◆ **Data extract**:
- - - - -
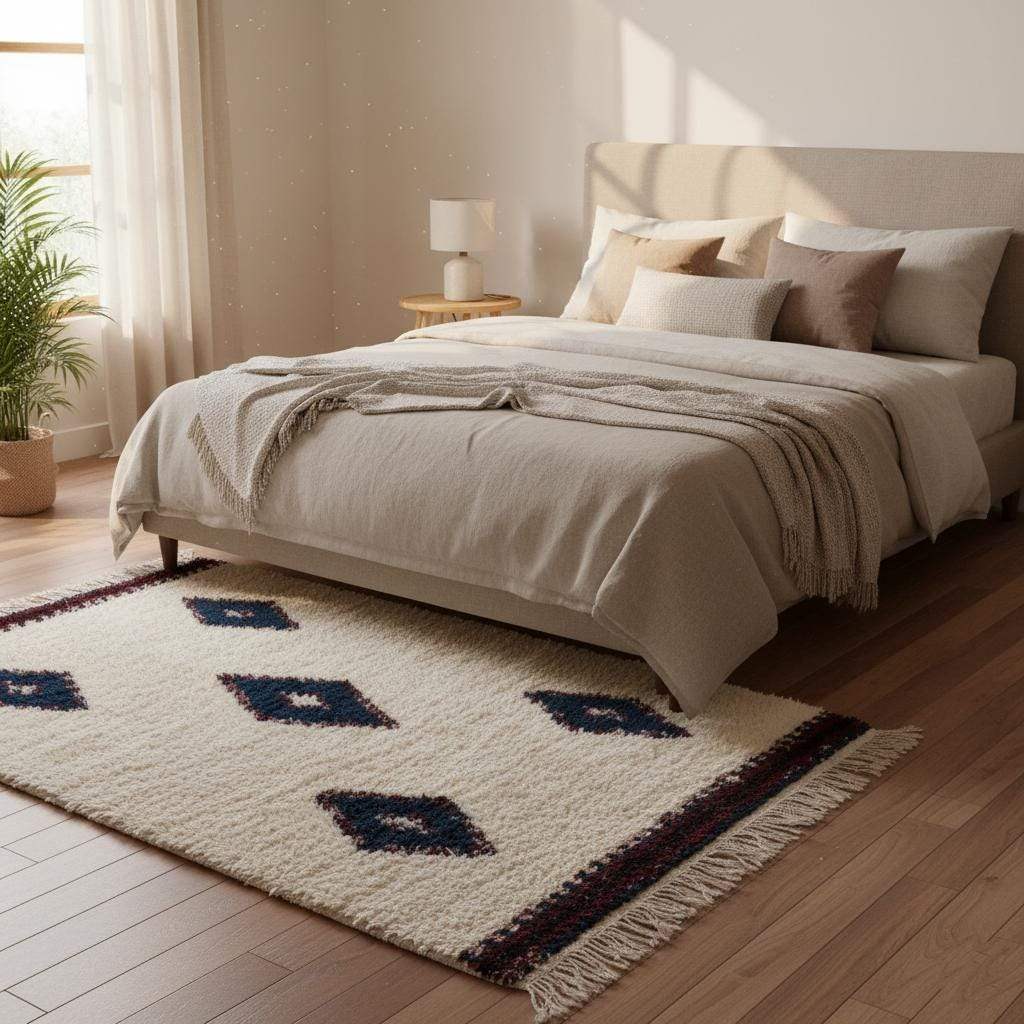 Handmade Moroccan Beni Ourain Rug with indigo diamond pattern on ivory background
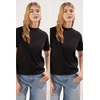 Trendyol Black-Black 2-Pack 100% Cotton Basic Stand Collar Knitted T-Shirt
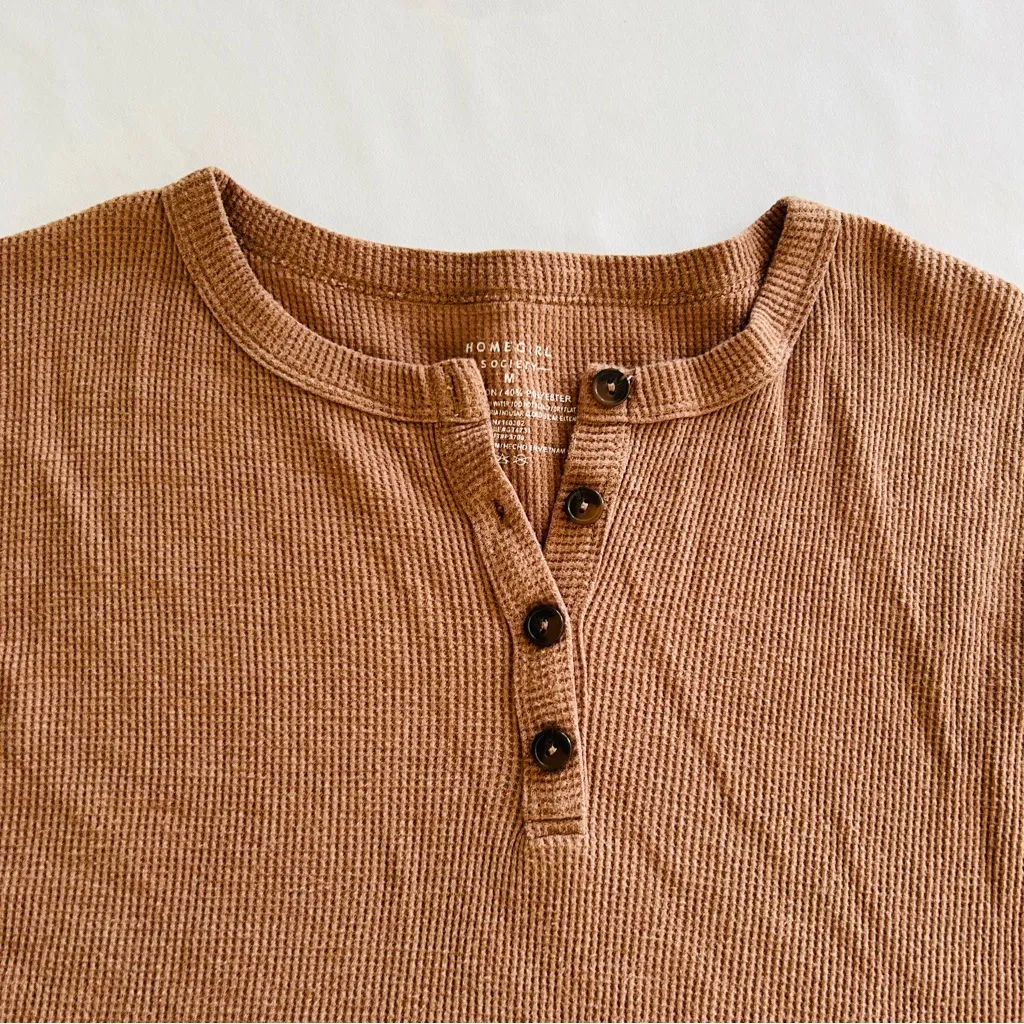 NWOT Homegirl Society Medium Brown Waffle Knit Sweater Autumn Fall Winter - Image 3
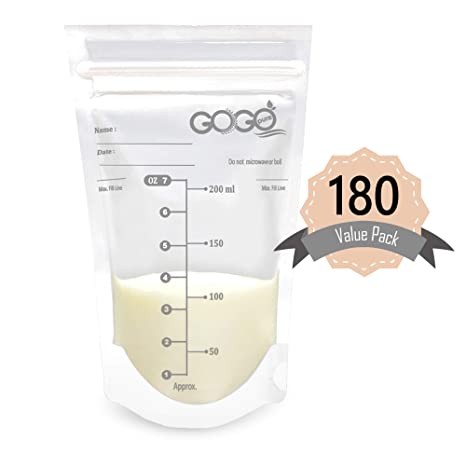 Photo 1 of 180-Pack Breastmilk Storage Bags - 7 oz, Pre-Sterilized, BPA-Free, Leak-Proof, Double-Zip, Self-Parking, for Refrigeration and Freezing ---- Factory Sealed Box 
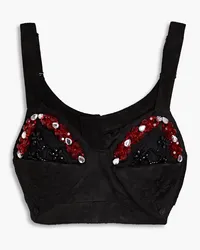 Simone Rocha Crystal-embellished jacquard bra top - Black Black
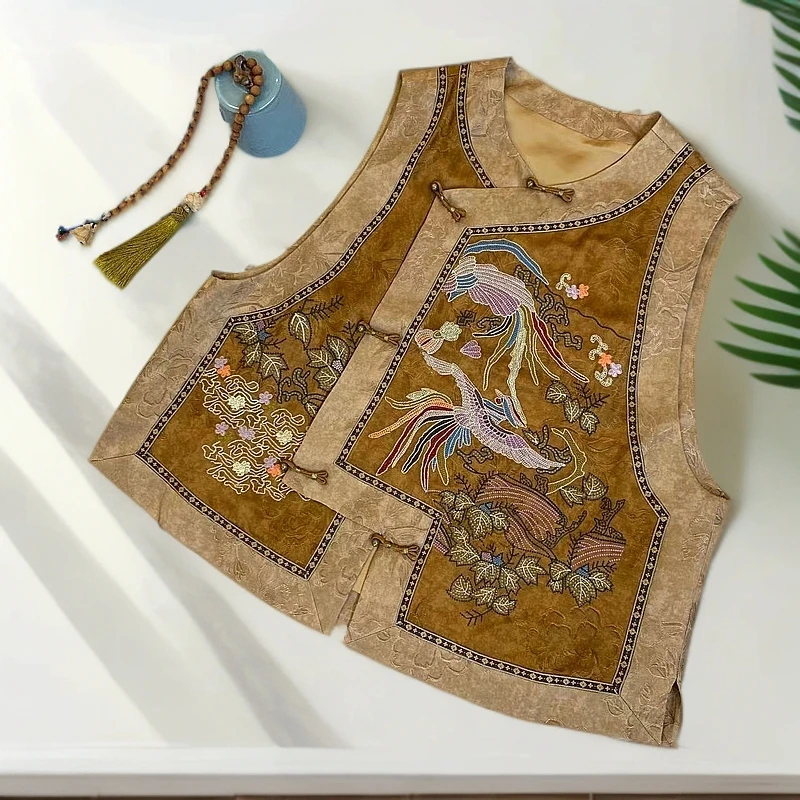 知羽.香云【棠枝】国风桑蚕丝新中式重工刺绣马甲ZY1138
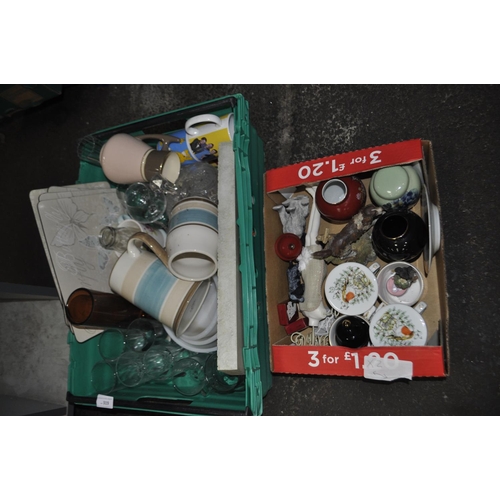 319 - 2 BOXES, LARGE QTY OF GLASSWARE AND BOWLS AND TRINKET BOXES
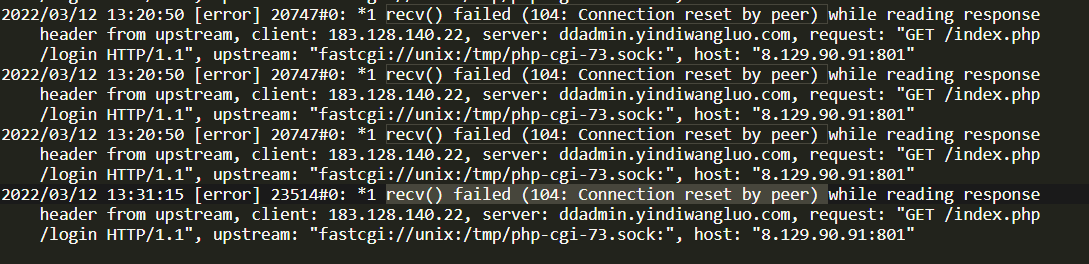 recv() failed (104: Connection reset by peer)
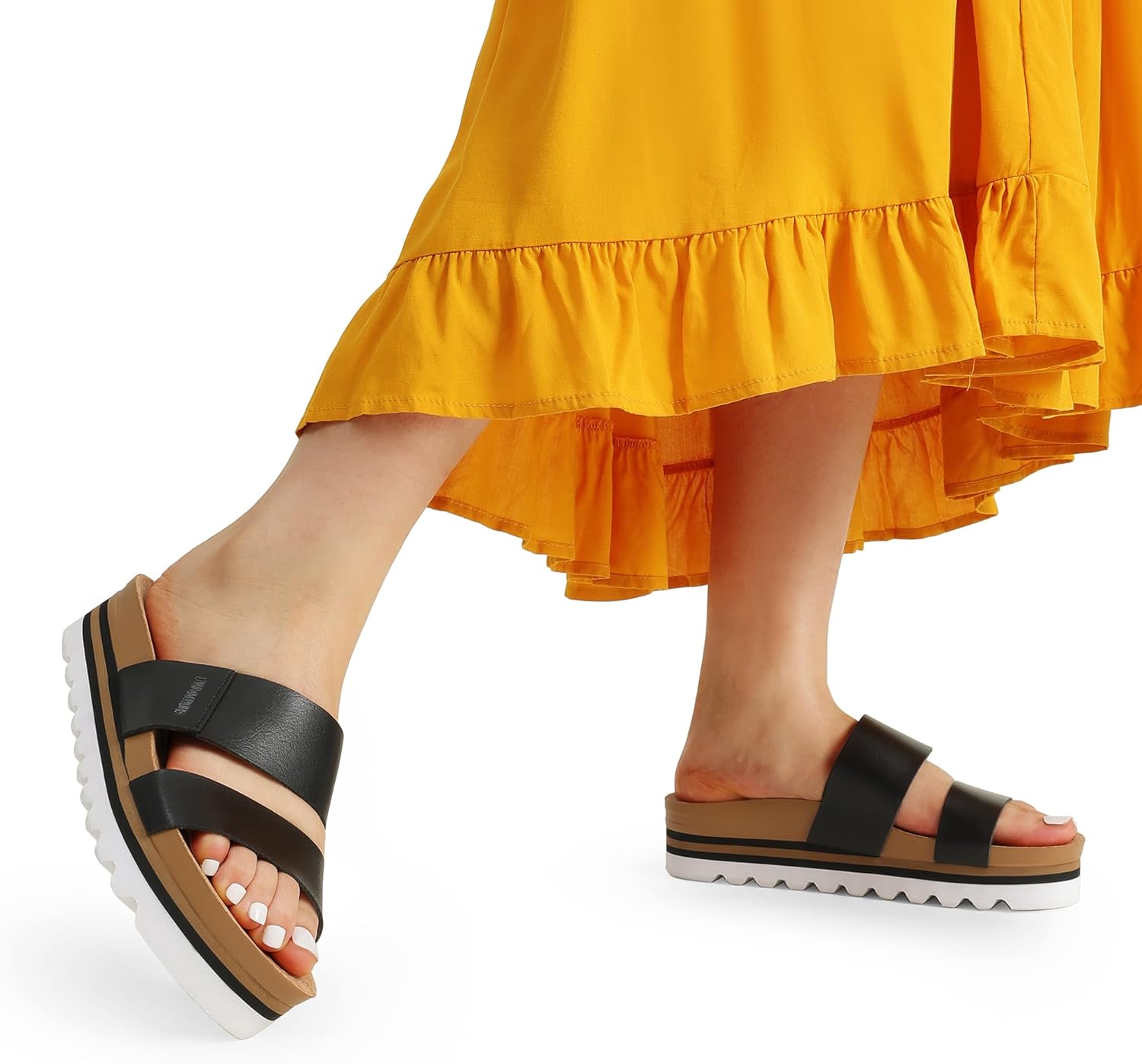 DREAM PAIRS Women's Platform Wedge Sandals with Arch Support, Comfortable Beach Slip-on Flat Sandals, Casual 2-Strap Cork Cushion Slides for Women - Image 7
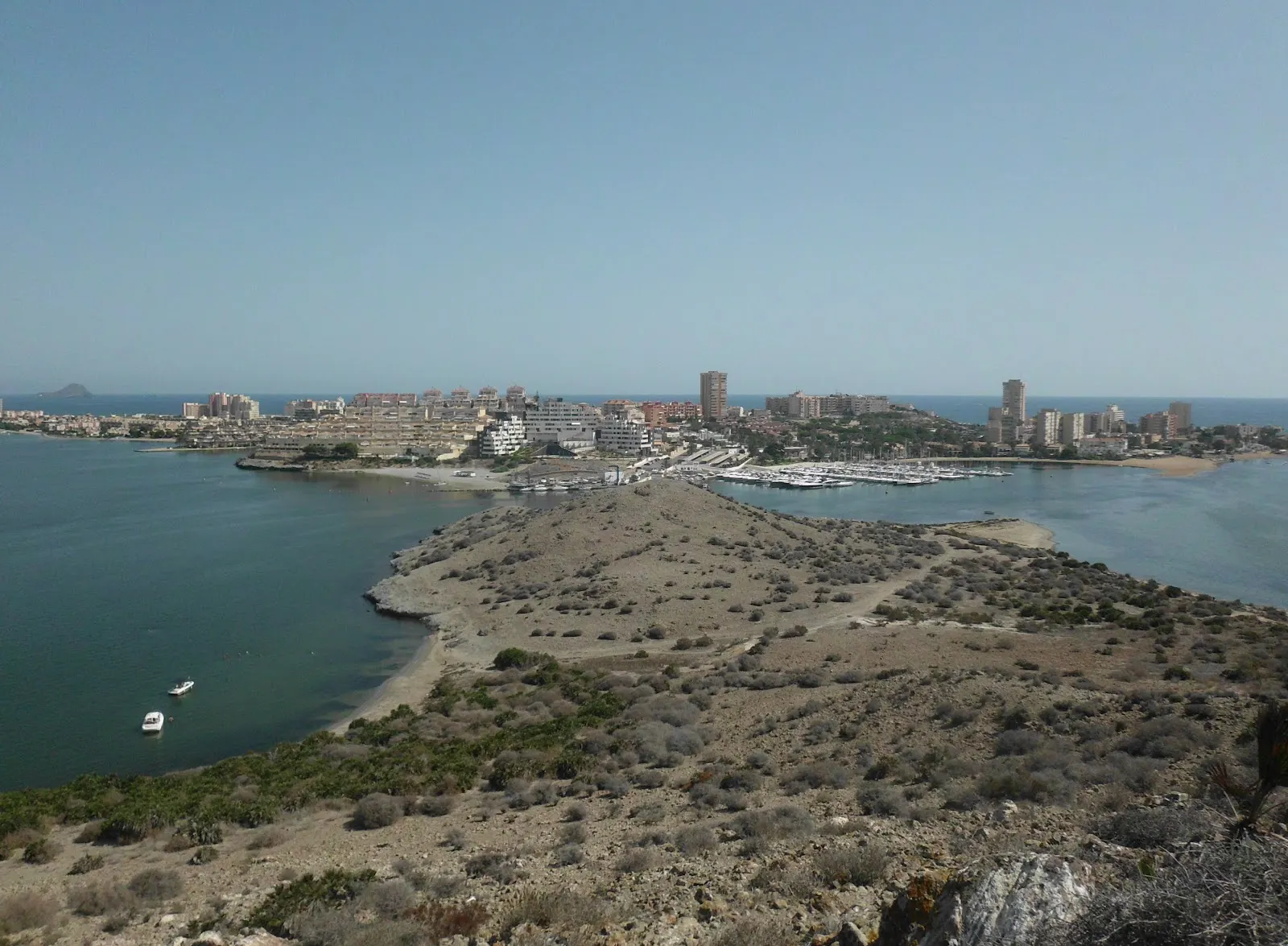 View from the top of the Isla del Ciervo towards La Manga and its marina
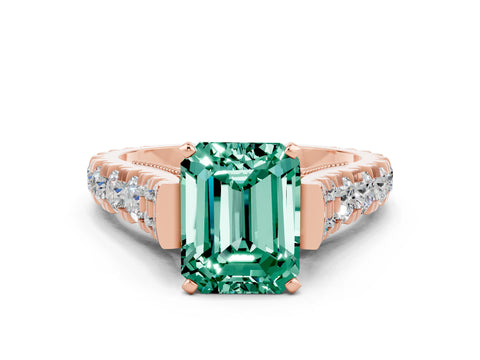 Rose gold Emerald Cut Green Sapphire Classic Solitaire Ring with Pavé Band and Four-Prong Setting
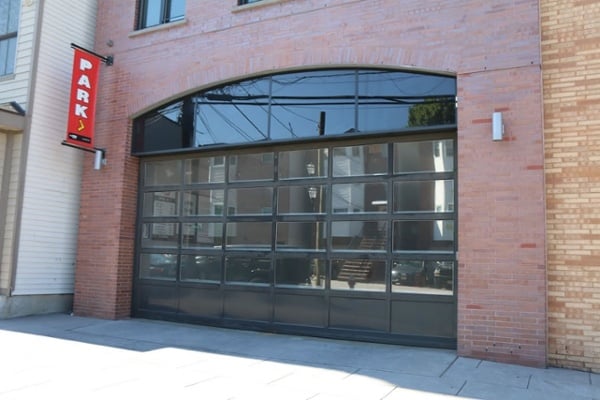 Aluminum Glass Panel Overhead Parking Garage Door Hoboken Jersey City Cliffside Park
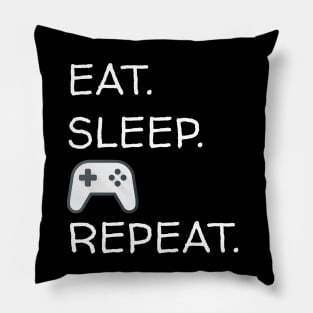 Eat Sleep Game Repeat, Funny Gaming Gift, Gamer Gift, Video Game, Kids Women Men Pillow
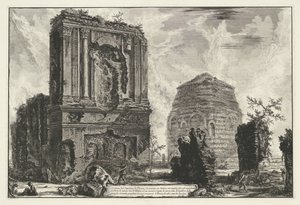 Tombes van Licinianus Piso en de Cornelius familia langs de Via Appia Gezichten op Rome (título de la serie) Vistas de Roma diseñadas y grabadas por el arquitecto Giambattista Piranesi Ve (nez) iano (título de la serie) de Giovanni Battista Piranesi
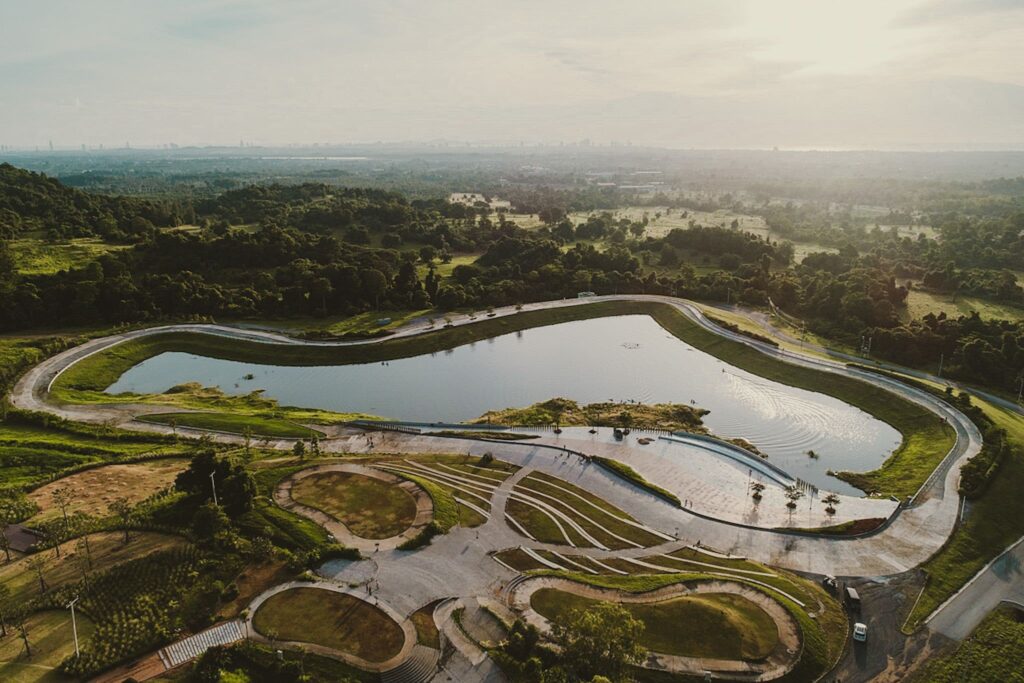 Aerial Wisdom Valley in Thailand at Dusk
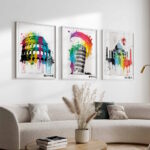 Travel Poster India, Italy and Rome, Banksy Art - Image 2
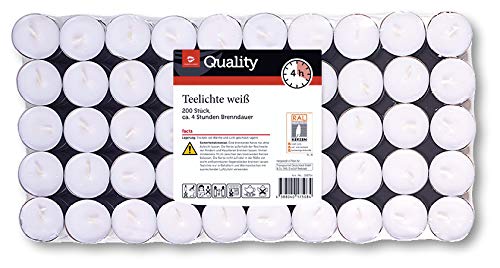 TGQ Teelichter 200er Pack Gastronomie Kerzen Teelicht 4 Stunden Brenndauer von TGQ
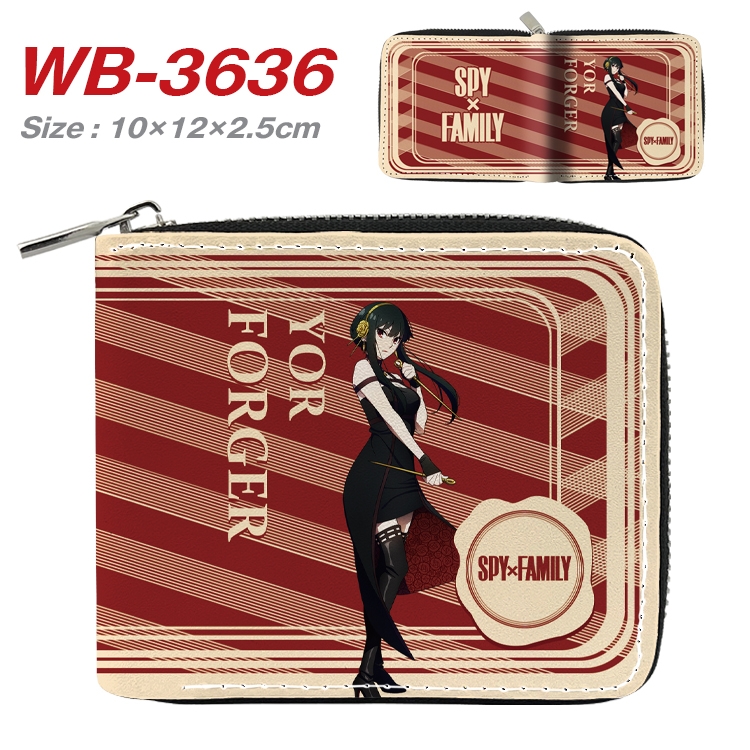 SPY×FAMILY Anime full color pu all-inclusive zipper short wallet 10X12X2.5CM WB-3636A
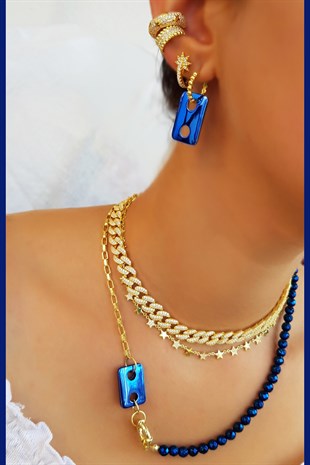 TEKLİ DİKDÖRTGEN SAKS MAVİ GÜMÜŞ KÜPE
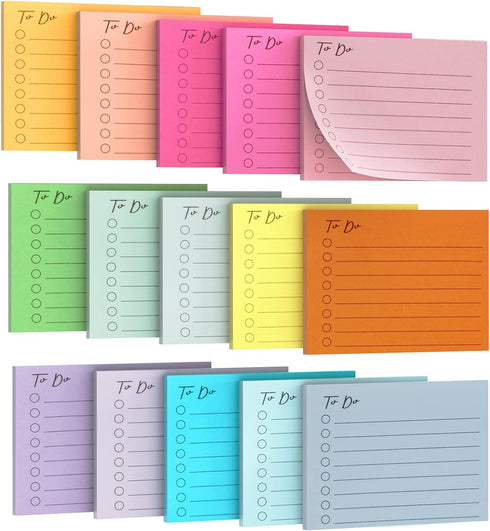 EOOUT 15 Pack Lined Sticky Notes, 3"x4", 750 Sheets, To Do List Notepad for Office Meeting School Home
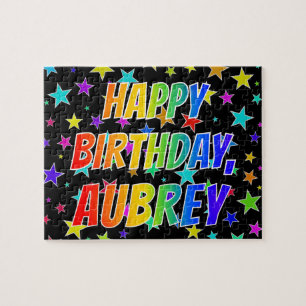 "AUBREY" Vorname, Spaß "GLÜCKLICHER GEBURTSTAG" Puzzle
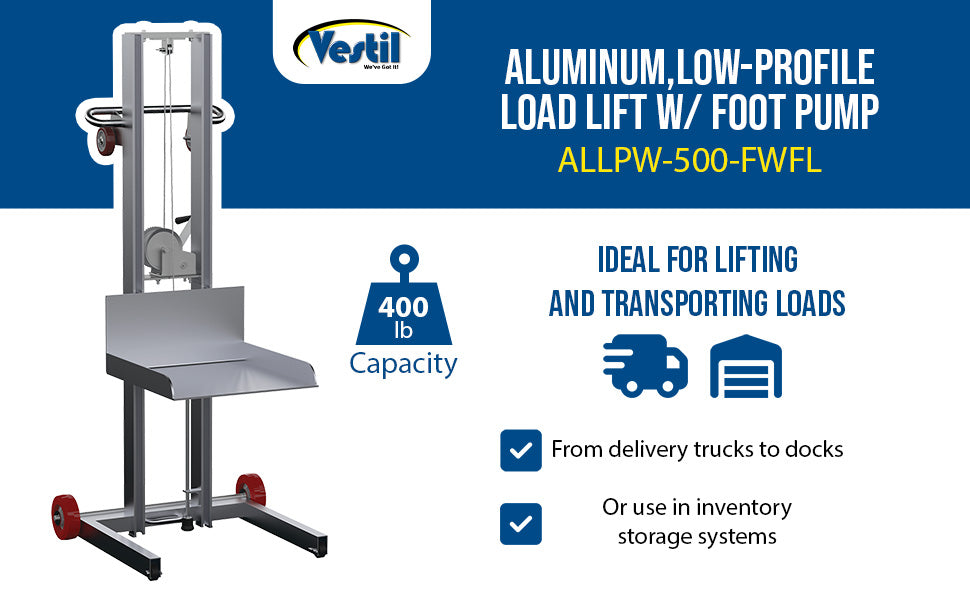 Vestil ALLPW-500-FWFL aluminum low profile lite load lift with winch fixed feature overview 2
- - - - -
◆ **What the exercise asks**: Leaving out all pictures, set down exactly the lines of the material above, from the line with "Rose gold Emerald" to the line with "Eat Sleep Game" inclusive, and no others.

◆ **Solution to this exercise**:
 Rose gold Emerald Cut Green Sapphire Classic Solitaire Ring with Pavé Band and Four-Prong Setting
 Aluminum Glass Panel Overhead Parking Garage Door Hoboken Jersey City Cliffside Park
 Eat Sleep Game Repeat, Funny Gaming Gift, Gamer Gift, Video Game, Kids Women Men Pillow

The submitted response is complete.